## EXERCISE DIRECTIONS
Transcribe the listing verbatim. Do not carry over any pictures.

## RECORDED DATA
-*-
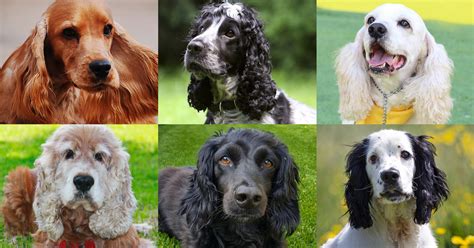 Different Types Of Cocker Spaniels Cocker Crazy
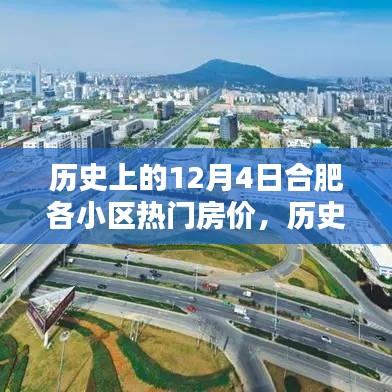 歷史上的12月4日合肥各小區熱門房價深度解析與觀點闡述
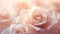 delicate light roses background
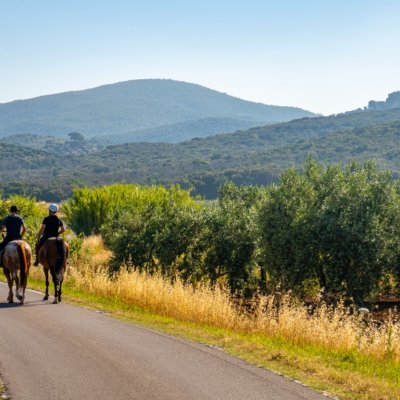 Horse riding in Val d'Orcia with tasting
-*-
## EXERCISE SOLUTION
 Different Types Of Cocker Spaniels Cocker Crazy
 歷史上的12月4日合肥各小區熱門房價深度解析與觀點闡述
 delicate light roses background
 Horse riding in Val d'Orcia with tasting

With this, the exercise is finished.